11. Exports. If the products are to be exported, this order is subject to Seller's ability to obtain export licenses and other necessary papers within a reasonable period. Customer will furnish all Consular and Customs declarations and will accept and bear all responsibility for penalties resulting from errors or omissions thereon. Customer shall not re-export the products or any products or items which incorporate the products if such re-export would violate U.S. export laws. Seller does not agree to export any products without signed written confirmation.
12. Custom Orders. If Customer is supplying artwork, photographs, or any other images ( Artwork) to be printed onto the products, then Customer agrees that: 1) Customer represents and warrants that it has the right and/or license to use the Artwork, and that Customer 's use of the Artwork does not infringe upon any third party copyright, trademark, or other intellectual or proprietary right; 2) if Customer violates these representations and warranties, then Customer shall indemnify Seller if any third party sues or institutes litigation against Seller alleging infringement of intellectual property rights.
13. Governing Law; Venue; Actions. This Agreement shall be governed by and construed in accordance with the internal laws of the State of California without regard to principles of conflicts of laws. Seller and Customer consent to the sole and exclusive venue and jurisdiction of the federal and state courts situated in or having jurisdiction over Los Angeles, California The parties agree to modify the applicable statute of limitations as follows: any action relating to or arising under the sale of the Products, these Terms and Conditions, or otherwise for any loss or damage with respect to the products sold by Seller must be commenced within one hundred and eighty (180) days from the date of delivery of such products or such claim shall be forever barred.
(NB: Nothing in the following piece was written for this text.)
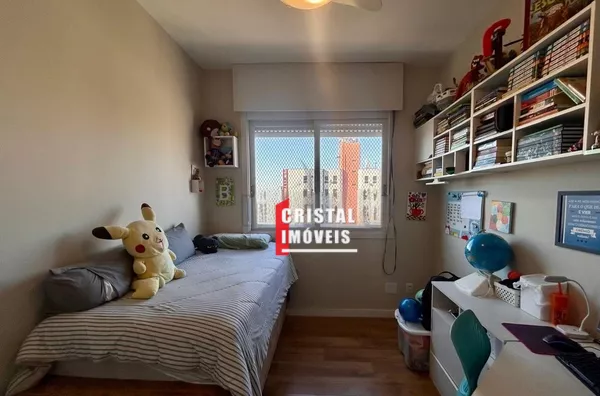 Apartamento para venda, 2 quarto(s), Teresópolis, Porto Alegre - Foto 9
14. Entire Agreement. Other than the Order Details, these Terms and Conditions constitute the entire agreement between the parties, there being no other promises, terms, conditions, or obligations, referring to the subject matter not contained herein. If any term or provision of this contract shall to any extent be invalid or unenforceable, the remainder of the contract shall not be affected thereby, and each term and provision of this contract shall continue to be valid and enforced to the fullest extent permitted by law. Any modifications hereto shall be in writing and signed by both parties.